• [Work task]
Range to repeat from the listing below: the line containing "Luxurious Brush Train" down to the line containing "Spot On 92923 T Homestay Syariah image", both included. Copy it exactly, pictures excluded, and add nothing else.

• [Extracted records]
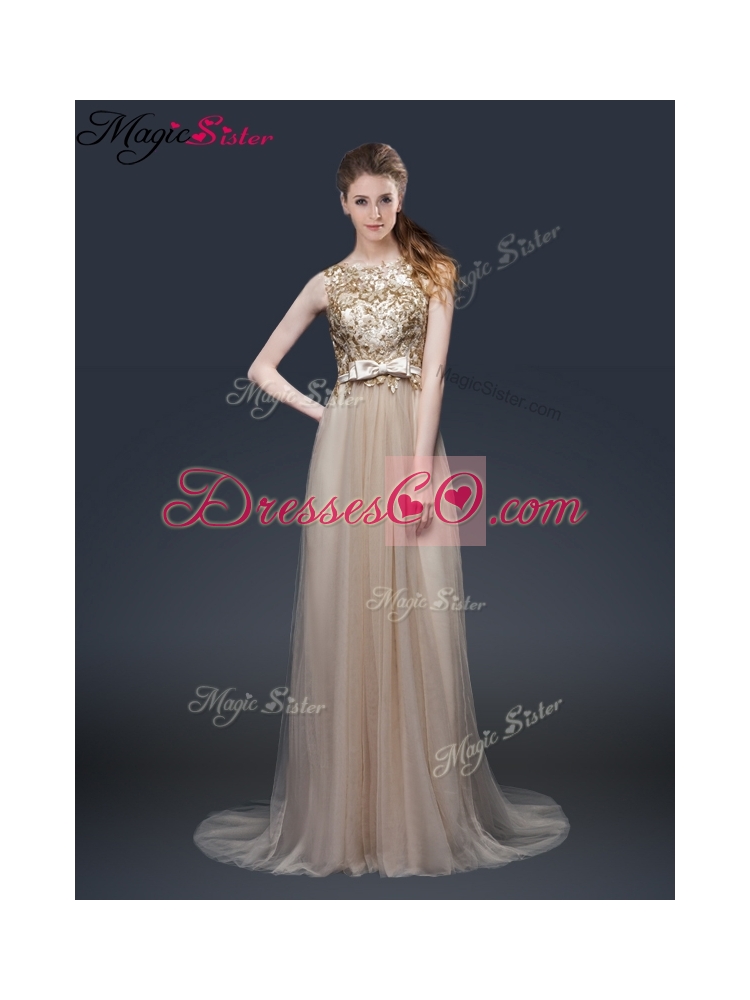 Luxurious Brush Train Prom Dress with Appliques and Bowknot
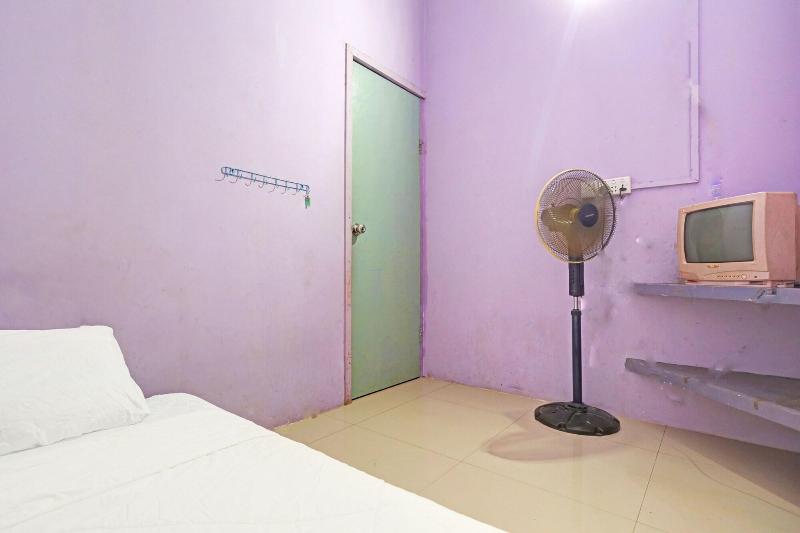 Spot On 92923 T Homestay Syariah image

---

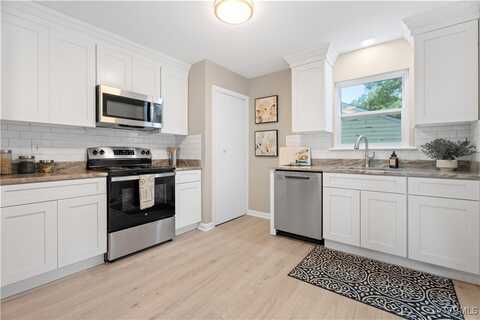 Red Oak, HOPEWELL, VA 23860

• [Response to this exercise]
 Luxurious Brush Train Prom Dress with Appliques and Bowknot
 Spot On 92923 T Homestay Syariah image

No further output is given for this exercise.